Data shown:
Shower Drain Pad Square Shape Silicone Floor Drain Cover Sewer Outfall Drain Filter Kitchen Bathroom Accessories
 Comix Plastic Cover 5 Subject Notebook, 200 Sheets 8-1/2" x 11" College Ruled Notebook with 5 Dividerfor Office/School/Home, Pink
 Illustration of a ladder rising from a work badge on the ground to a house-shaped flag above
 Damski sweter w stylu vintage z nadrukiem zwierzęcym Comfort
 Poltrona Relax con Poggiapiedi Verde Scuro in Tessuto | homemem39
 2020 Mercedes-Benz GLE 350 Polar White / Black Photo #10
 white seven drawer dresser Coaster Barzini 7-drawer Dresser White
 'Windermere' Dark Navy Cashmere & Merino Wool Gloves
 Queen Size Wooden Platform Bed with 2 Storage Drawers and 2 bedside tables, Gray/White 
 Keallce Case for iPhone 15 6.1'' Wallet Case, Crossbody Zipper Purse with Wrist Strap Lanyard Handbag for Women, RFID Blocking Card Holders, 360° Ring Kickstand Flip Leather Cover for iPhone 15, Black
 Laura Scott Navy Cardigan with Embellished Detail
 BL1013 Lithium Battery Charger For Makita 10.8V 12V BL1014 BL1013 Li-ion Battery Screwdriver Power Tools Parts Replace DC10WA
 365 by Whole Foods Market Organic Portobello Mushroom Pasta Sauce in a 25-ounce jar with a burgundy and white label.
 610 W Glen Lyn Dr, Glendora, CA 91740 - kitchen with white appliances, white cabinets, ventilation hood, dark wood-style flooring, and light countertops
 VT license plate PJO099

Task requirements:
Take the line that contains "BL1013 Lithium Battery" and each line after it down to the last of the records, and retype them exactly; add nothing else.

Solution to this task:
 BL1013 Lithium Battery Charger For Makita 10.8V 12V BL1014 BL1013 Li-ion Battery Screwdriver Power Tools Parts Replace DC10WA
 365 by Whole Foods Market Organic Portobello Mushroom Pasta Sauce in a 25-ounce jar with a burgundy and white label.
 610 W Glen Lyn Dr, Glendora, CA 91740 - kitchen with white appliances, white cabinets, ventilation hood, dark wood-style flooring, and light countertops
 VT license plate PJO099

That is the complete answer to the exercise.